# [TASK BRIEF]
In the records below, the line with "panjang trek gunung leuser" opens the range and the line with "The image shows" closes it; print that range exactly and nothing else.

# [DATASET EXTRACT]

_ _ _ _ _ _ _

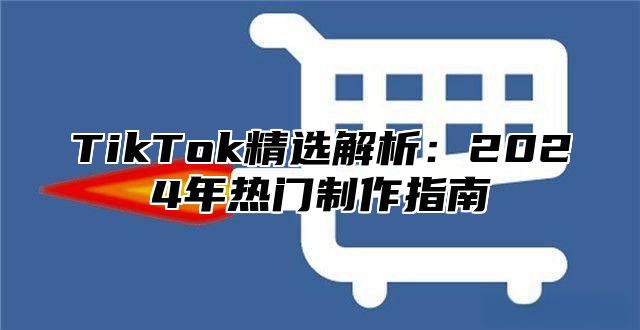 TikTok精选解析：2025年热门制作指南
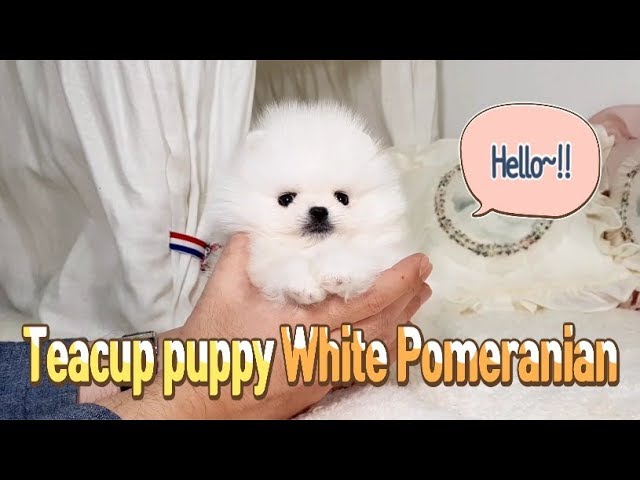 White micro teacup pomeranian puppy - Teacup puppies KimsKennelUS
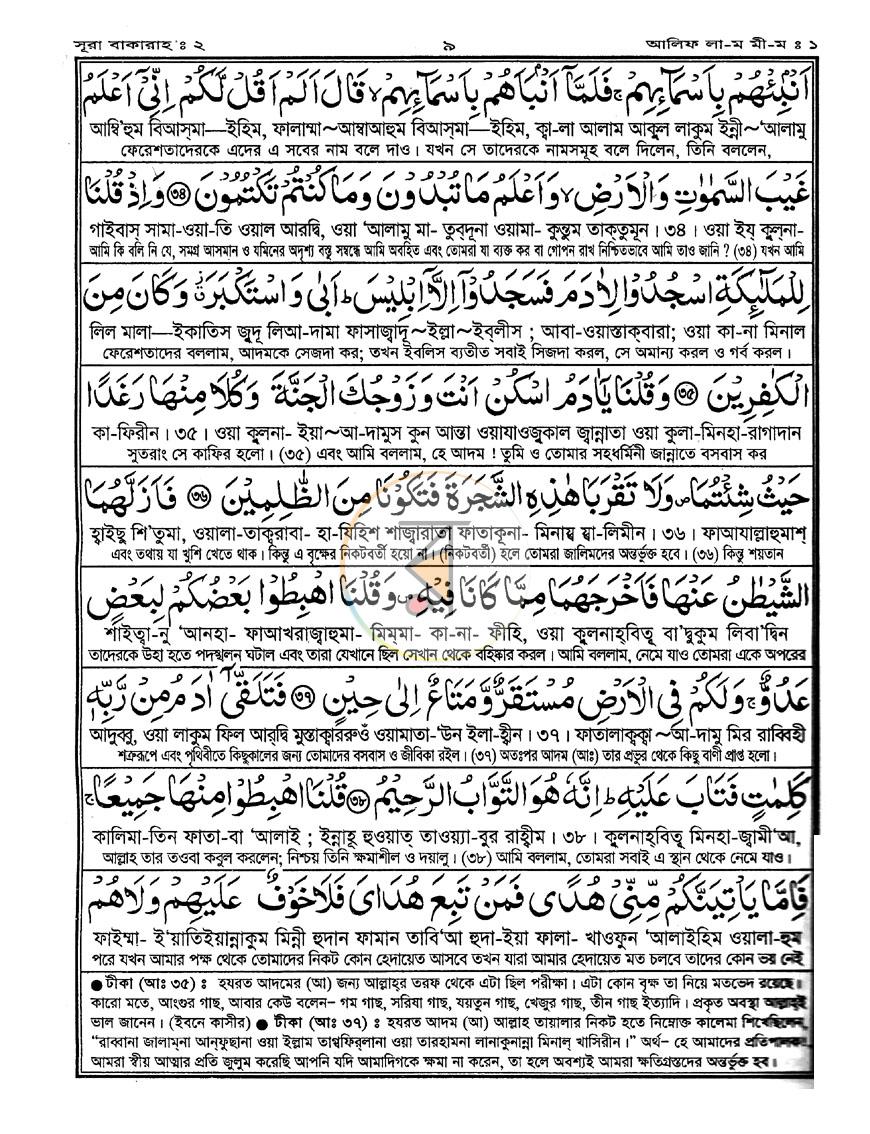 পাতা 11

_ _ _ _ _ _ _

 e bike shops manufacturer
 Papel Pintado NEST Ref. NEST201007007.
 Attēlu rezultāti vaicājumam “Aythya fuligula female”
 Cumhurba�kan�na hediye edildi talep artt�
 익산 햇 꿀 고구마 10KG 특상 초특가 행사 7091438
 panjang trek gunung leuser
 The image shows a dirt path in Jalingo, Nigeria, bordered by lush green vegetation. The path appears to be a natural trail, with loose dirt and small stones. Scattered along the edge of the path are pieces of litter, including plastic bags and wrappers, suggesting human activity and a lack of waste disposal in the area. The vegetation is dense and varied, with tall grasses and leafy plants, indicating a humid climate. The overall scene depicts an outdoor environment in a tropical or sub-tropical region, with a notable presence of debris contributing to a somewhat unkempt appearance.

_ _ _ _ _ _ _

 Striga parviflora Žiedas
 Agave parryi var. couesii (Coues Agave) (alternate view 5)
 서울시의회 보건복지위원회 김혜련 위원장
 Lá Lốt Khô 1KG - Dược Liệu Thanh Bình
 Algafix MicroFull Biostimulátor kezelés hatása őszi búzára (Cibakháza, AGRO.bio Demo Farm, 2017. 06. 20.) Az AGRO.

_ _ _ _ _ _ _

# [EXPECTED ANSWER]
 panjang trek gunung leuser
 The image shows a dirt path in Jalingo, Nigeria, bordered by lush green vegetation. The path appears to be a natural trail, with loose dirt and small stones. Scattered along the edge of the path are pieces of litter, including plastic bags and wrappers, suggesting human activity and a lack of waste disposal in the area. The vegetation is dense and varied, with tall grasses and leafy plants, indicating a humid climate. The overall scene depicts an outdoor environment in a tropical or sub-tropical region, with a notable presence of debris contributing to a somewhat unkempt appearance.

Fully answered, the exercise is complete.